Larry didn't have a good answer to that, so he ate another chip and changed the subject to something he knew better. "Rumblers got another TD. Kickass play, put it on replay. You want me to just tell you all the highlights while you figure out how to get out of there?"

"Dude, I can't see anything. Fuck the game!"

"Chill, bro. We'll solve this."

"Whoa hang on," Pete said. "I think I see something."

"See? You're not in a black hole."

"Naw, man, there's somebody else up ahead. He's facing away from me. It's weird, he wasn't there a second ago. He keeps getting closer."

"Well, go talk to him," Larry said around another mouthful of chili. He didn't want to put up with any more of Pete's bitching. This game was a big deal. The Rumblers' season depended on it.
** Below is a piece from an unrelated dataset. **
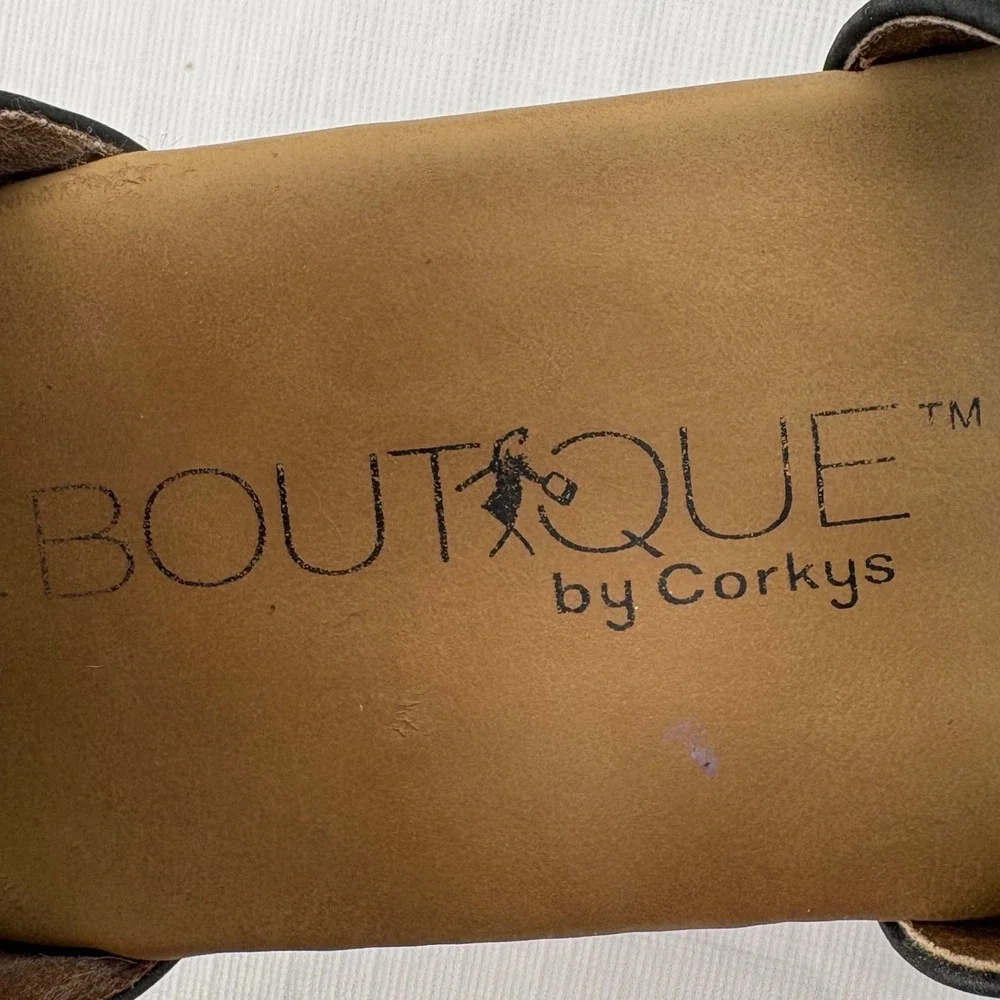 Boutique by Corkys Womens Black Leopard Print Platform Wedge Sandals Size 8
"I am! He's getting pretty close. Hey! Hey guy!" Pete yelled. He was louder than the game when he did that. Larry punched the volume button on the remote to drown Pete out.
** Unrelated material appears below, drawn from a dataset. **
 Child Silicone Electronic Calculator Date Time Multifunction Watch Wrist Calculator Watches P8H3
"He's ignoring me," Pete said. Despite the volume being near max, to the point that the empty beer bottles on shelves lining the living room rattled, Larry could still hear him fine. "Christ, he needs to do something with his hair. When was the last time he showered? And those highlights look like shit. Hey wait a second I'm--HOLY SHIT LARRY SOMETHING'S PUSHING ME FROM BE--"

Pete cut off in a banshee's scream that drowned out everything else. Larry pitched forward, clasping his ears even though it did nothing to stop the icy spikes of pain boring into his head. Chili splattered all over the chair, the carpet, Larry's crotch. His bottle of beer lay on its side next to the overturned plate, its contents leaking from the neck at a slow trickle.

Larry lay like that for a few minutes, his head reverberating as the din slowly subsided. He felt something warm and sticky oozing down the left side of his face. He didn't think it was chili. "P-Pete?" he ventured once the jangling in his brain was reduced to a buzzing white noise and he could hear the game again. He was dimly aware that the Rumblers had just scored a field goal.

Pete didn't answer.

Larry stood up on shaky legs, wobbling from side to side. He was dimly aware this is how he reeled when he got really drunk, but this was much less fun than any party he'd ever attended. The carpet was a mess, and he was pissed that he wasted a good half-bottle of beer, and those stains would be hell to get out. Hopefully he could clean it enough that the landlord wouldn't find a reason to withhold the deposit when the lease was up.

As Larry stumbled into the kitchen to fetch a roll of paper towels, he decided that he would call up Steve after all. It could wait until after the game, though.